● **Given information**
——
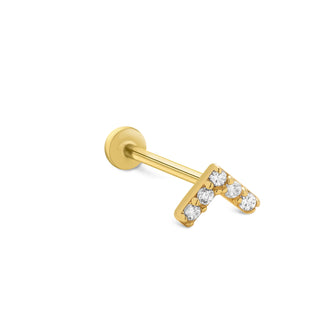 Aurora V 14 Ayar Altın Piercing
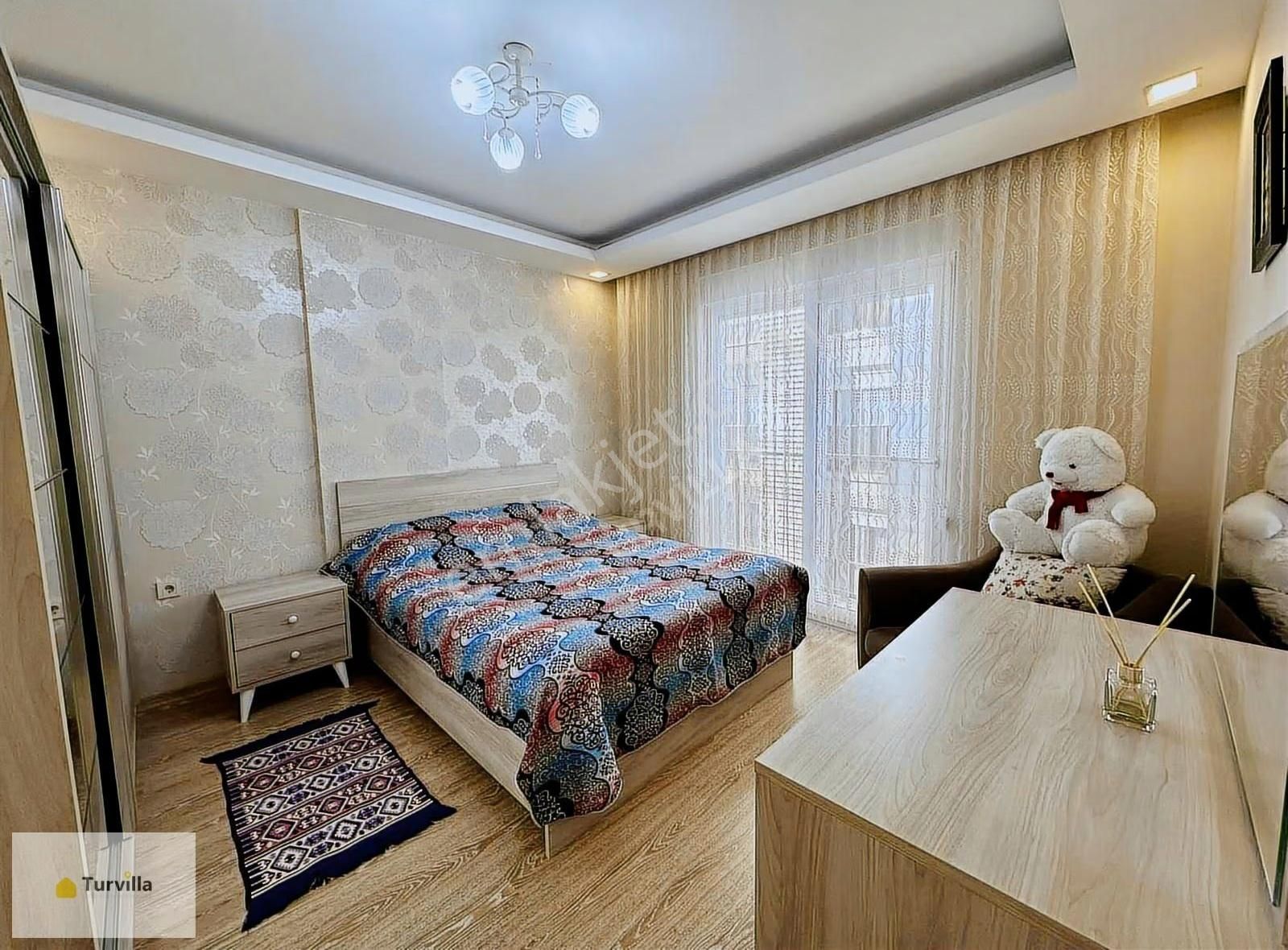 Turvilla'dan Konyaaltı Liman'da Lux Site İçi 1+1 Kiralık Daire - Görsel 13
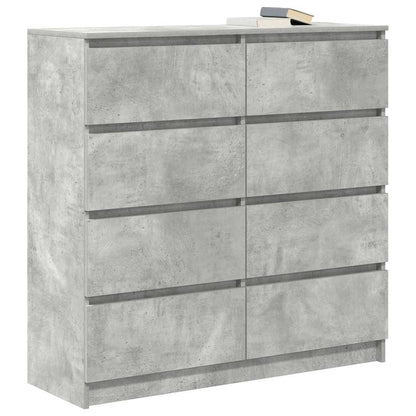 Credenza Grigio Cemento 100x35x99 cm in Legno Multistrato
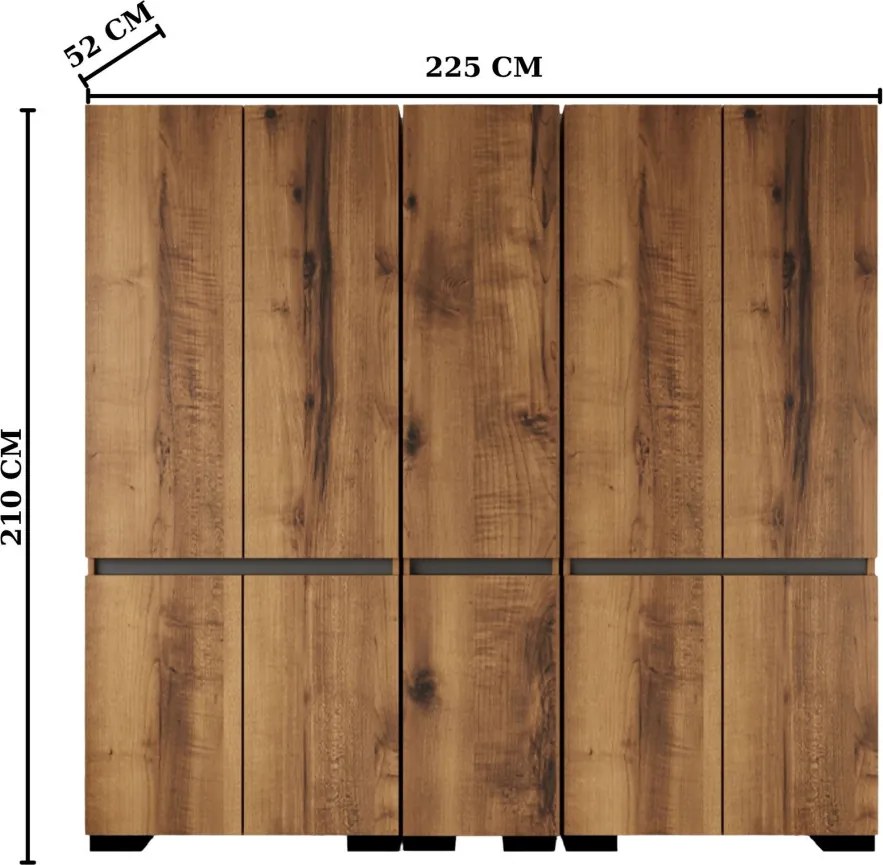 Floransa 225 - Walnut, Anthracite v2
——
● **What is needed**
Exactly as they appear above, print all the lines, but not the pictures.

● **Answer to the exercise**
 Aurora V 14 Ayar Altın Piercing
 Turvilla'dan Konyaaltı Liman'da Lux Site İçi 1+1 Kiralık Daire - Görsel 13
 Credenza Grigio Cemento 100x35x99 cm in Legno Multistrato
 Floransa 225 - Walnut, Anthracite v2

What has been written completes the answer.